There are a lot of ways in my life that I’m lucky, from the obvious to the mundane.  I’m lucky to have gone to a good school, to have great friends, and to have had multiple opportunities to study and travel abroad and see many of the places I’ve always dreamed of.  Most of that luck, though, stems from one thing: my parents.  I think that of everything I have in my life, I’m luckiest to have the parents that I do.  Both my mother and father have always supported me and encouraged me in every way, no matter what the decision.  You want to leave a Big Name University?  Do it.  Travel to Asia alone at the age of nineteen?  Why not?  Of course you can spend the next three years in the cornfields of Iowa!  I know that there are many, many people who can’t say the same thing.

I’m also lucky that my parents are financially secure enough to have both been able to come visit me during my year here in Prague.  Again, this is something that many people don’t have the opportunity to do, especially now.  I wrote many months ago about my trip to London with my mother, which was full of walking, food, and served to quell some of my homesickness.  My recent visit from my father had many of the same elements, but with a different setting.  We spent several days in Prague and travelled to Berlin for the weekend.  I’m going to split up our time into two posts, because while I enjoyed both, the subject matter and history of Berlin are much more serious than the less-Nazi-filled time in Prague.

My father is the first visitor I’ve really been able to show around Prague after having lived here for a significant period of time.  When Thomas visited in the summer I was just settling in and getting to know the city, and when another friend from Grinnell was in town a few weeks ago I had to work, leaving him to his own devices during the day, although I was able to make time to introduce him to good Czech food (lucky for him he’s not a vegetarian) and a frustrating round of trivia at the Prague Tiki Lounge.

Much like my trip to London, my father’s trip to Prague consisted mainly of walking.  We walked around Old Town, we walked around the castle, and we walked past my office, where he took a picture of me in front of my law firm’s nameplate.  Because I’m extremely professional like that.  We also played “how many old and famous things can you fit in one picture?”  A lot, as it turns out.

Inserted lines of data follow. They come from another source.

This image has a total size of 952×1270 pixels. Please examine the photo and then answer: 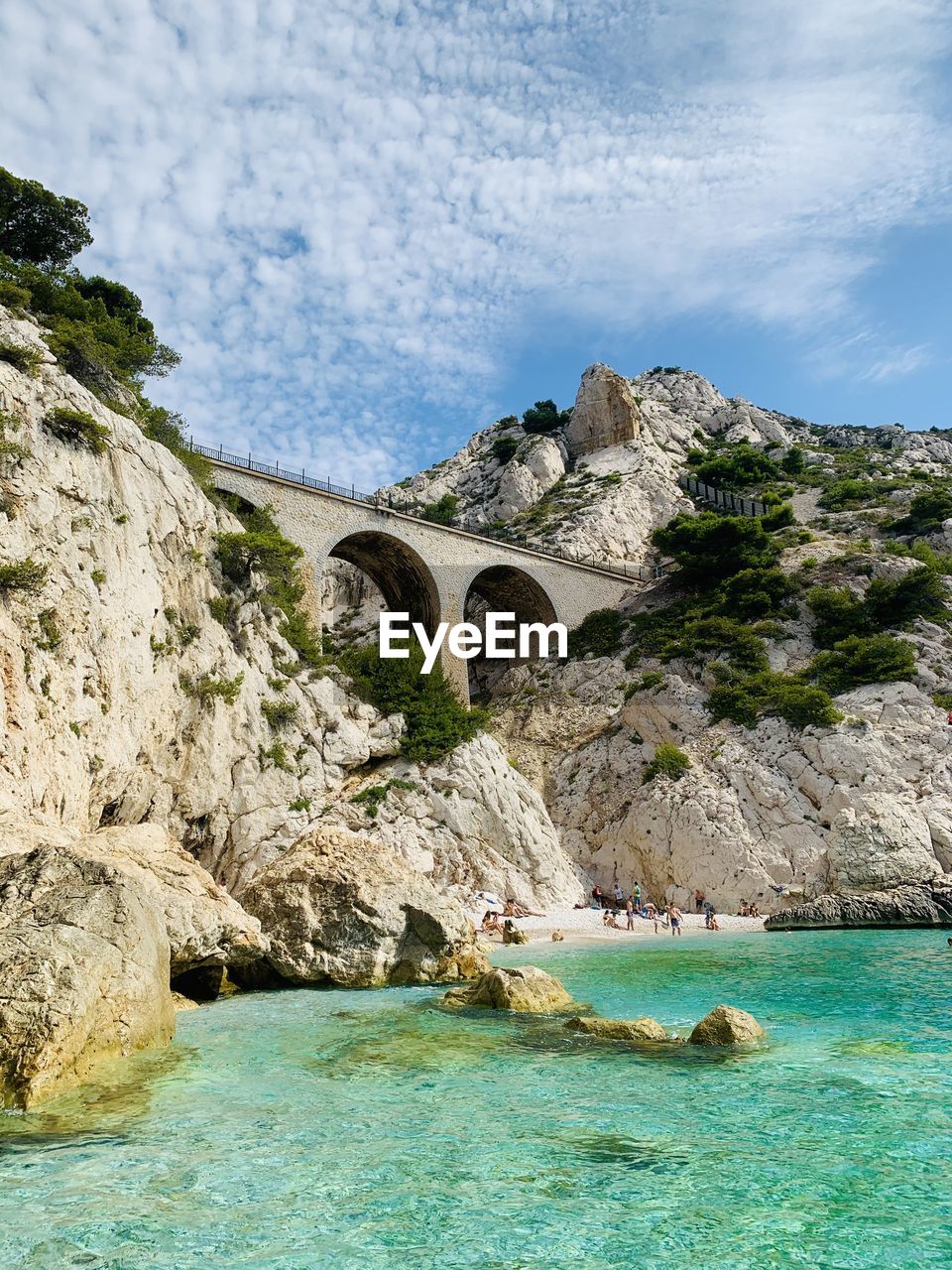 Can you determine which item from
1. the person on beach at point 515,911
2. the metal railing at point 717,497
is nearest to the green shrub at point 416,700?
the person on beach at point 515,911

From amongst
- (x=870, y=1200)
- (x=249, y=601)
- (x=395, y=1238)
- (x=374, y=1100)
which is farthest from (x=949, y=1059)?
(x=249, y=601)

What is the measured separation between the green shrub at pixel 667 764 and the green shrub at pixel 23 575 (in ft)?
74.2

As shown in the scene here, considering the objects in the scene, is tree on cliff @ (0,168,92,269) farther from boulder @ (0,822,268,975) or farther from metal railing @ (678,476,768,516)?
metal railing @ (678,476,768,516)

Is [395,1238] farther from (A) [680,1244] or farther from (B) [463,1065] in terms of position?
(B) [463,1065]

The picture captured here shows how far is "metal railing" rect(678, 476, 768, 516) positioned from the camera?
58625 mm

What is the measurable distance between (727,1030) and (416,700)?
888 inches

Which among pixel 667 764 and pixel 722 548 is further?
pixel 722 548

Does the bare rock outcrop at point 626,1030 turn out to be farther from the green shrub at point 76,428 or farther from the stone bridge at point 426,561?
the stone bridge at point 426,561

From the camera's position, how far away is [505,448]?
71.8 meters

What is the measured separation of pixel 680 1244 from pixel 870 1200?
1.35 meters

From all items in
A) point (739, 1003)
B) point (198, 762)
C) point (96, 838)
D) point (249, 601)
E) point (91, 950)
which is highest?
point (249, 601)

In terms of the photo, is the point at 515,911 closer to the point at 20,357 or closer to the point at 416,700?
the point at 416,700

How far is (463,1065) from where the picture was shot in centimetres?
844

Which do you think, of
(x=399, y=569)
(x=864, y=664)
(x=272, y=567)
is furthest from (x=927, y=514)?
(x=272, y=567) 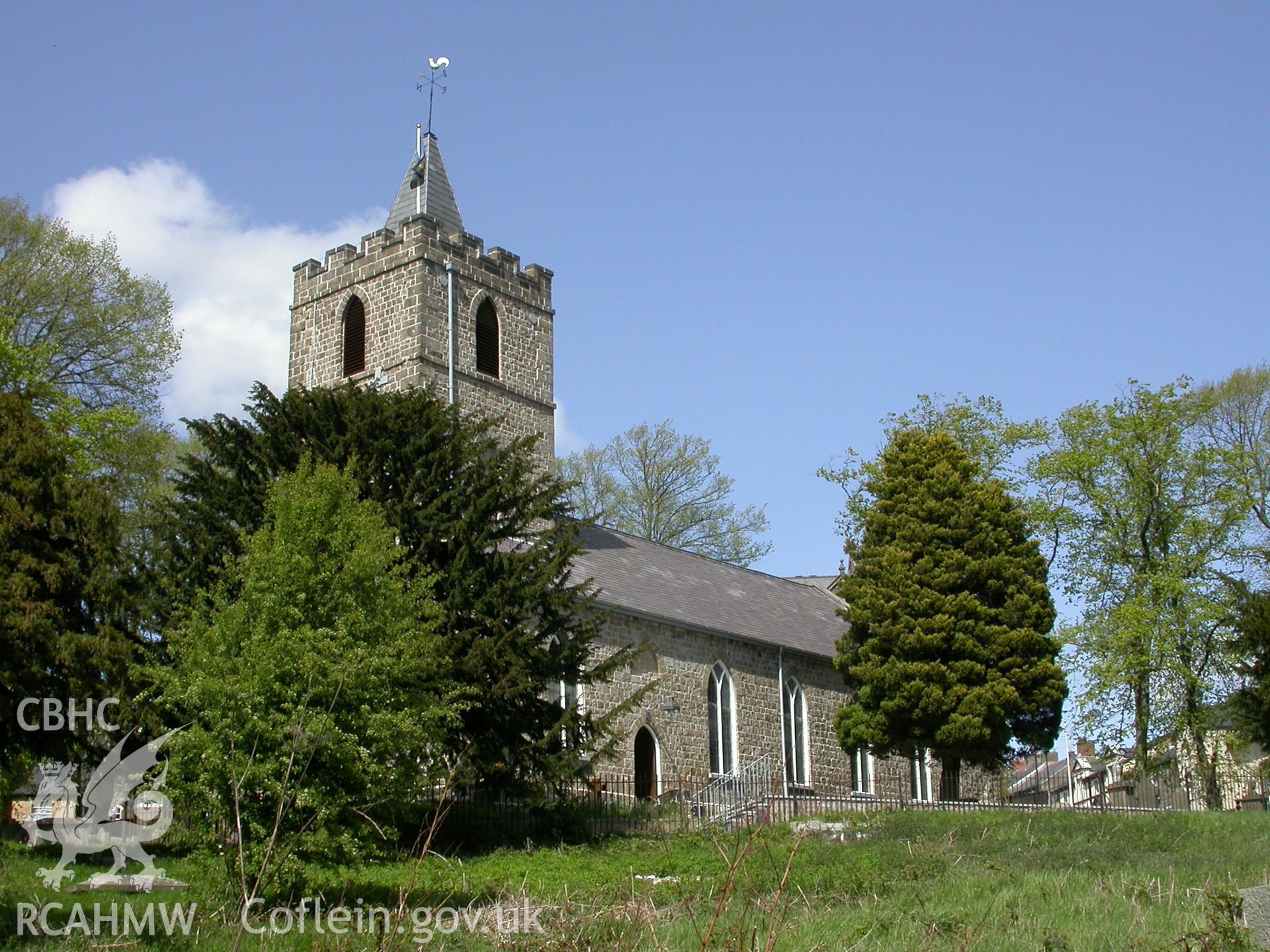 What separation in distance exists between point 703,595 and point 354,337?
10.6 meters

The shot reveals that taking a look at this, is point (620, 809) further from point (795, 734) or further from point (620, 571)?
→ point (795, 734)

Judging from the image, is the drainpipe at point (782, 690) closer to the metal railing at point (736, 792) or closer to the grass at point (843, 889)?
the metal railing at point (736, 792)

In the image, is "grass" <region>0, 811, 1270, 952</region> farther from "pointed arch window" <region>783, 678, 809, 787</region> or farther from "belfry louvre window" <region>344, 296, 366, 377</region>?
"belfry louvre window" <region>344, 296, 366, 377</region>

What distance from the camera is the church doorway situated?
2664 centimetres

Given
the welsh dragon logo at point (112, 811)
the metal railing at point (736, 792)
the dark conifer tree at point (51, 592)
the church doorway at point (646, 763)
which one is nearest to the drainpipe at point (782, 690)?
the metal railing at point (736, 792)

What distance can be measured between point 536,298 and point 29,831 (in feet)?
67.0

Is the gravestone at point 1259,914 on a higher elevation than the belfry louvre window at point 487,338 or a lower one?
lower

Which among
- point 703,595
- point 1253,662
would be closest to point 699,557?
point 703,595

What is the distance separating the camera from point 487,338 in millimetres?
32406

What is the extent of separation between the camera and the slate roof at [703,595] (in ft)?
92.7

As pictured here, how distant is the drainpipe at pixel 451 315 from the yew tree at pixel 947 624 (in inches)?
395

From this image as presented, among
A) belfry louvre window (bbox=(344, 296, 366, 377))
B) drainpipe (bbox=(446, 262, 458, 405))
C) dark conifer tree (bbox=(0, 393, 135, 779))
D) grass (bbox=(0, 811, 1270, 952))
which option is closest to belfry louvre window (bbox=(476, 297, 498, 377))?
drainpipe (bbox=(446, 262, 458, 405))

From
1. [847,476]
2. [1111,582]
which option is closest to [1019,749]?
[1111,582]

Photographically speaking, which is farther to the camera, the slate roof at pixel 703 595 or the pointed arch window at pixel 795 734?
the pointed arch window at pixel 795 734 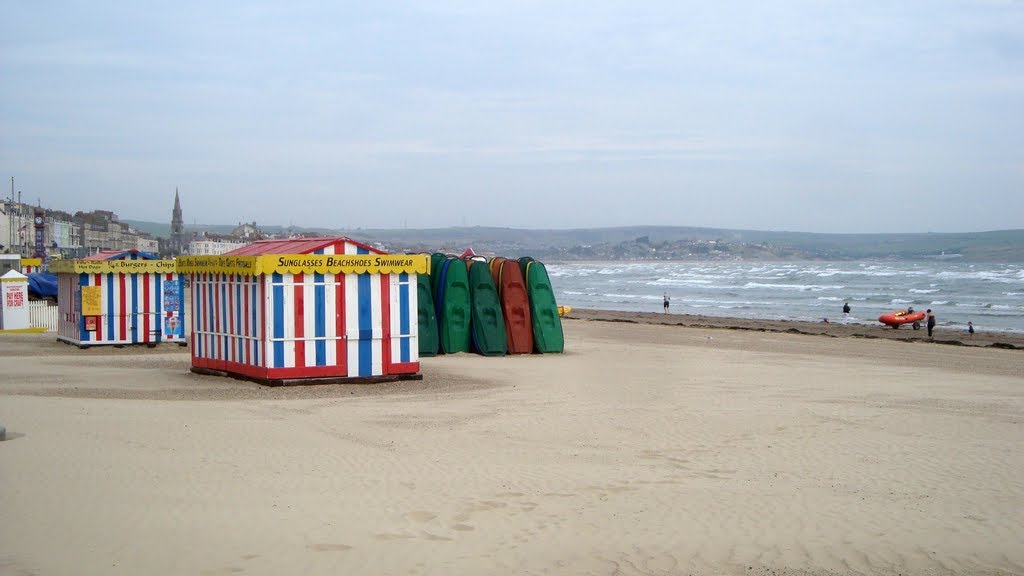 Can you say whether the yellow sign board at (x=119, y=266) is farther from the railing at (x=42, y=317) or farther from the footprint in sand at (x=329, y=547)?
the footprint in sand at (x=329, y=547)

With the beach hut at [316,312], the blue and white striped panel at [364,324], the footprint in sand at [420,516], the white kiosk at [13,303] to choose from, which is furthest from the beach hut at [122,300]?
the footprint in sand at [420,516]

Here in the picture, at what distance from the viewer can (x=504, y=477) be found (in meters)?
8.02

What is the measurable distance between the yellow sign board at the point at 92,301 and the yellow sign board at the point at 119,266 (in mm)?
350

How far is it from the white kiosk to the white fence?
35.5 inches

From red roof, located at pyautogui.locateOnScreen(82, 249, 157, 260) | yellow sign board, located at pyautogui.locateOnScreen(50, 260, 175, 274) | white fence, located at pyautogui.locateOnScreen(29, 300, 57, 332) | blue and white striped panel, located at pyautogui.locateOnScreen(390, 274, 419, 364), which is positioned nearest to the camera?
blue and white striped panel, located at pyautogui.locateOnScreen(390, 274, 419, 364)

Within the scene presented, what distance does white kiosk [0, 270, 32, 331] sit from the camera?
982 inches

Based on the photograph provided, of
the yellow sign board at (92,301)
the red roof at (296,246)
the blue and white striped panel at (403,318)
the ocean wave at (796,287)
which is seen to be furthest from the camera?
the ocean wave at (796,287)

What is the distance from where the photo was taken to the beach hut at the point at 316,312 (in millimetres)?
13367

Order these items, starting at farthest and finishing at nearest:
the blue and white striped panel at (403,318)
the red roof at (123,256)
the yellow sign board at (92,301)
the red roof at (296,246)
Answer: the red roof at (123,256)
the yellow sign board at (92,301)
the blue and white striped panel at (403,318)
the red roof at (296,246)

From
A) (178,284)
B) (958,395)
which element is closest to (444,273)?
(178,284)

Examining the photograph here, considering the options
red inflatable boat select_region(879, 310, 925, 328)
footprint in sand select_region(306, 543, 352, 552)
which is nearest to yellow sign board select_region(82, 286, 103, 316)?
footprint in sand select_region(306, 543, 352, 552)

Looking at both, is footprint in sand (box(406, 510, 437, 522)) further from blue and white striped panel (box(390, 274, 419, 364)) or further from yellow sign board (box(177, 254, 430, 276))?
blue and white striped panel (box(390, 274, 419, 364))

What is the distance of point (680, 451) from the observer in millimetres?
9305

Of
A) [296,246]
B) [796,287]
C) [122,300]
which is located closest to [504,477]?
[296,246] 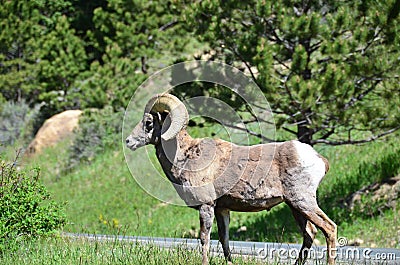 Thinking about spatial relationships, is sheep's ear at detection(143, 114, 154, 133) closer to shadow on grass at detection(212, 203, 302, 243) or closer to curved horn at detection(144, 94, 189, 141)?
curved horn at detection(144, 94, 189, 141)

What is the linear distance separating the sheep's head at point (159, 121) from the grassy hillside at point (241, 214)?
1.89 meters

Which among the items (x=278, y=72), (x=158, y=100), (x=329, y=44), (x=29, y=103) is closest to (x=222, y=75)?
(x=278, y=72)

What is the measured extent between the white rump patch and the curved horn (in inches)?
53.0

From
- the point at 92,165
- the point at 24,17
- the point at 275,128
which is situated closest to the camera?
the point at 275,128

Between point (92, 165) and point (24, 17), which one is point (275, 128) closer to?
point (92, 165)

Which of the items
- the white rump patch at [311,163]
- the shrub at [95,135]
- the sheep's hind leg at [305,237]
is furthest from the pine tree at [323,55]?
the shrub at [95,135]

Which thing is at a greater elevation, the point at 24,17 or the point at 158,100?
the point at 158,100

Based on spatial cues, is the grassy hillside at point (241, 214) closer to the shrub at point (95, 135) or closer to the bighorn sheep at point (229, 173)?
the shrub at point (95, 135)

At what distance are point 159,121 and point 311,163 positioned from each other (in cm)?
185

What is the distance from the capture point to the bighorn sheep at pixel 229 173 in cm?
706

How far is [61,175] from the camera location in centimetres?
2116

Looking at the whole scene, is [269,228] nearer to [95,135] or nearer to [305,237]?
[305,237]

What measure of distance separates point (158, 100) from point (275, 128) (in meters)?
5.15

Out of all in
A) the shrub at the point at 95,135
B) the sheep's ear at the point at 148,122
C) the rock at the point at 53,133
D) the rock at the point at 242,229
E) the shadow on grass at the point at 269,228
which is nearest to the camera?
the sheep's ear at the point at 148,122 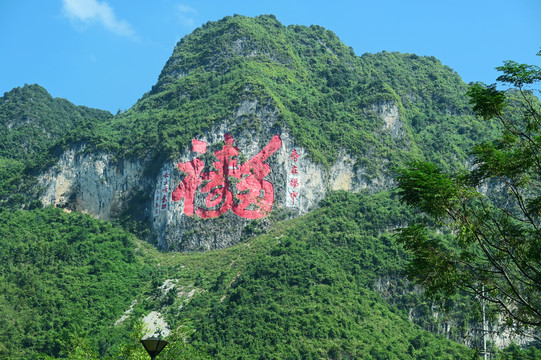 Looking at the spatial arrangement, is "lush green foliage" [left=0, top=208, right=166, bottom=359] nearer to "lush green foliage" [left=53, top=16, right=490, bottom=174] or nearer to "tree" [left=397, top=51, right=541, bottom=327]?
"lush green foliage" [left=53, top=16, right=490, bottom=174]

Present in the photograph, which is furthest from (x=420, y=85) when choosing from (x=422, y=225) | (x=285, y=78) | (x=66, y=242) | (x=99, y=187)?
(x=422, y=225)

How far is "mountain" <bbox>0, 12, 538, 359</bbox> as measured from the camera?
41.0 metres

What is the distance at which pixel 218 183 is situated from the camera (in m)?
51.9

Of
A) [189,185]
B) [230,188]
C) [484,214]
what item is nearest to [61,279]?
[189,185]

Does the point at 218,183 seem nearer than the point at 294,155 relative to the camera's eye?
Yes

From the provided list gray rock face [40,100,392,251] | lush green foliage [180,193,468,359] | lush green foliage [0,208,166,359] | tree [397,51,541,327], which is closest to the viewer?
tree [397,51,541,327]

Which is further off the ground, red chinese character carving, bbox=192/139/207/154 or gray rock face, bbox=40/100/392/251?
red chinese character carving, bbox=192/139/207/154

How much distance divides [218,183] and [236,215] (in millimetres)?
2969

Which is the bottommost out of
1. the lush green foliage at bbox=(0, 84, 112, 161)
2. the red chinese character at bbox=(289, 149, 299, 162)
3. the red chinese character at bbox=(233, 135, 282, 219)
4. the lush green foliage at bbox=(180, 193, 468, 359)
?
the lush green foliage at bbox=(180, 193, 468, 359)

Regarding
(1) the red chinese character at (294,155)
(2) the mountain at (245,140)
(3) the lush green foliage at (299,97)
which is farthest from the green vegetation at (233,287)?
(3) the lush green foliage at (299,97)

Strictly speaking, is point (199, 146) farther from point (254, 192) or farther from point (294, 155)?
point (294, 155)

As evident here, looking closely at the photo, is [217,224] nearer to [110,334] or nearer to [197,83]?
[110,334]

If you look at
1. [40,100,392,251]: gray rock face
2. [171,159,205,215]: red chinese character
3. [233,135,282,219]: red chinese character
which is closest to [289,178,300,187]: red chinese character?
[40,100,392,251]: gray rock face

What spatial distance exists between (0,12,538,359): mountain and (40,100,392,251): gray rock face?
134mm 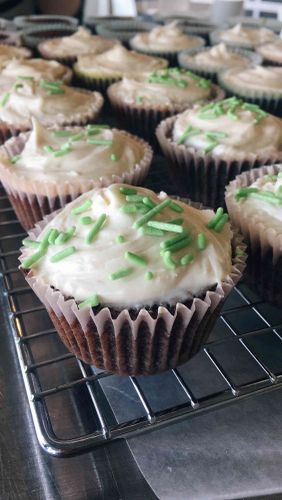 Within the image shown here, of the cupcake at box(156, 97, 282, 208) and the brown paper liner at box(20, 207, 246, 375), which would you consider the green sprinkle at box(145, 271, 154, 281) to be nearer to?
the brown paper liner at box(20, 207, 246, 375)

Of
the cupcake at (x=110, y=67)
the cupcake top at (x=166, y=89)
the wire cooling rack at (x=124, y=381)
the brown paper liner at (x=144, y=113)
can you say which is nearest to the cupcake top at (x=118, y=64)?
the cupcake at (x=110, y=67)

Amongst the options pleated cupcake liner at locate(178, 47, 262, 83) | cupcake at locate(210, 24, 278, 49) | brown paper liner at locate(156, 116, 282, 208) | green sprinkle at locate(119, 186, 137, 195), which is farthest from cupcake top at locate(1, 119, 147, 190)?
cupcake at locate(210, 24, 278, 49)

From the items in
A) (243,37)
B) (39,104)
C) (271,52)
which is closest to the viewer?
(39,104)

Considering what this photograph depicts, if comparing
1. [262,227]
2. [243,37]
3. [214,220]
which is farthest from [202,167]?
[243,37]

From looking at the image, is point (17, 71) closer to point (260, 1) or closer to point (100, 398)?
point (100, 398)

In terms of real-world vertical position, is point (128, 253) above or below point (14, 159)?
above

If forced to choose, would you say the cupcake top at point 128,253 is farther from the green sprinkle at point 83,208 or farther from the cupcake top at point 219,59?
the cupcake top at point 219,59

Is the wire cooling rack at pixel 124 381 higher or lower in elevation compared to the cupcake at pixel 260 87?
lower

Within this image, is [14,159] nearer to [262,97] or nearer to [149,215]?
[149,215] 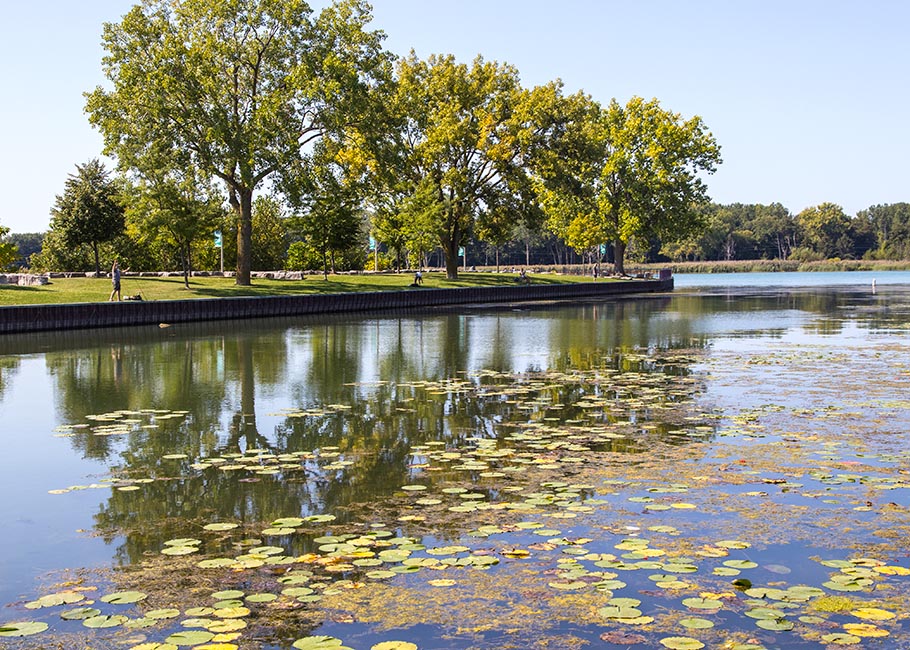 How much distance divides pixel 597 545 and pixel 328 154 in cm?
4791

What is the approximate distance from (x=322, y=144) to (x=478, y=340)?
1106 inches

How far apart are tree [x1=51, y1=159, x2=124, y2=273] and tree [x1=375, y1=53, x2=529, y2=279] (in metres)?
18.0

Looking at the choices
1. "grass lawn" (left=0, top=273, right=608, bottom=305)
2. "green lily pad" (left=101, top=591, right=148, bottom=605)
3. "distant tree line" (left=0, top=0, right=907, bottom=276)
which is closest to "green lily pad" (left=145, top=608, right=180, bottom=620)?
"green lily pad" (left=101, top=591, right=148, bottom=605)

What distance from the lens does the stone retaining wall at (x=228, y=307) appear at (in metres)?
33.0

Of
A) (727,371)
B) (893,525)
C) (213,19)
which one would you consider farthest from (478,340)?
(213,19)

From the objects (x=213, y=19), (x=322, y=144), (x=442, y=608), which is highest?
(x=213, y=19)

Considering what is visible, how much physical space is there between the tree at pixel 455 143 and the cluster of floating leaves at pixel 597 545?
5354cm

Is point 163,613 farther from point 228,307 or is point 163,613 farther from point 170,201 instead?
point 170,201

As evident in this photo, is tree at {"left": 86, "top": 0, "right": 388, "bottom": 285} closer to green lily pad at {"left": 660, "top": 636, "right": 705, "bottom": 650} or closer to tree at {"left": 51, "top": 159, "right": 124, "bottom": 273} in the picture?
tree at {"left": 51, "top": 159, "right": 124, "bottom": 273}

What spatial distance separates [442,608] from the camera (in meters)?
6.08

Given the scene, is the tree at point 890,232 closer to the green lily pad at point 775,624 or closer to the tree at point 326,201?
the tree at point 326,201

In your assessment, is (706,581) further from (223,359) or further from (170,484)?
(223,359)

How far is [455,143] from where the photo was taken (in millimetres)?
65250

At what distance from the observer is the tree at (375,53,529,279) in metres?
64.9
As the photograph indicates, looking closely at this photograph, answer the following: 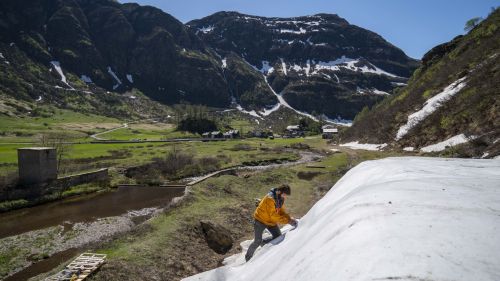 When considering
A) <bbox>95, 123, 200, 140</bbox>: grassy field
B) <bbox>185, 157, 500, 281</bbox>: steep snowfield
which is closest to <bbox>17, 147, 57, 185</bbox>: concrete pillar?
<bbox>185, 157, 500, 281</bbox>: steep snowfield

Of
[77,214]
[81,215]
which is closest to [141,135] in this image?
[77,214]

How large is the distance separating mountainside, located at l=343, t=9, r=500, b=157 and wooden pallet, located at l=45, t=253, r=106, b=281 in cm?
2096

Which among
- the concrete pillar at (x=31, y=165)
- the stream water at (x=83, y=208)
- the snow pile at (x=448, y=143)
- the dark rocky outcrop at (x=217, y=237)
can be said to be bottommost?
the stream water at (x=83, y=208)

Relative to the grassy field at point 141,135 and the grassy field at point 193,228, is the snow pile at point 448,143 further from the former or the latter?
the grassy field at point 141,135

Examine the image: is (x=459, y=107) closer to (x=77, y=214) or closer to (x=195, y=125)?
(x=77, y=214)

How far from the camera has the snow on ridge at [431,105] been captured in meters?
41.0

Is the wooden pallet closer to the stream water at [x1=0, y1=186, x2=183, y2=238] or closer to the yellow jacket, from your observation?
the yellow jacket

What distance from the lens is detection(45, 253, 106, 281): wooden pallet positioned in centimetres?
→ 1475

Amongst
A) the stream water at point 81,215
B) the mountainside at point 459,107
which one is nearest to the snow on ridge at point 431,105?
the mountainside at point 459,107

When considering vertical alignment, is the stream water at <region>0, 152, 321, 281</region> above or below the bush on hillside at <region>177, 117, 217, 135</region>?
below

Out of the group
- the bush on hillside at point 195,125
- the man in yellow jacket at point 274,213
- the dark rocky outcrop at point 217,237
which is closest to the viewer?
the man in yellow jacket at point 274,213

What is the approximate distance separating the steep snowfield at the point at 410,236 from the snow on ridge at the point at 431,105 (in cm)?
3667

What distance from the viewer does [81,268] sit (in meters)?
15.6

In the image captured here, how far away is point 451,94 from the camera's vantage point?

It had been a long time since I had taken my camera around Prague, and I hadn’t yet had the opportunity to use my fancy new camera at night.  Prague after dark is almost surreally beautiful, like something sketched out by a Disney animator.  Everything glows around the river, and the castle up on the hill could be right out of a fairy tale.  I think most cities are beautiful at night, but Prague seems especially suited to the dark.  Even the Charles Bridge, usually unbearable because of the number of meandering tourists, is transfixing.

Having my father here made me appreciate Prague again.  The arrival of spring and the excuse to walk across the city, cameras in hand, made his visit both welcome and therapeutic.  Though I wrote before of my love of the snow and Prague winter, I can’t say that I lament the warm weather and being able to keep my windows open again.

I wish he could have stayed for another day or two, but I think that’s always the case.  I’m sure when I move back home I’ll forget my incredible luck all to quickly as I become bogged down with day-to-day chores and the routine of seeing my family again.  Hopefully I’ll be able to remind myself.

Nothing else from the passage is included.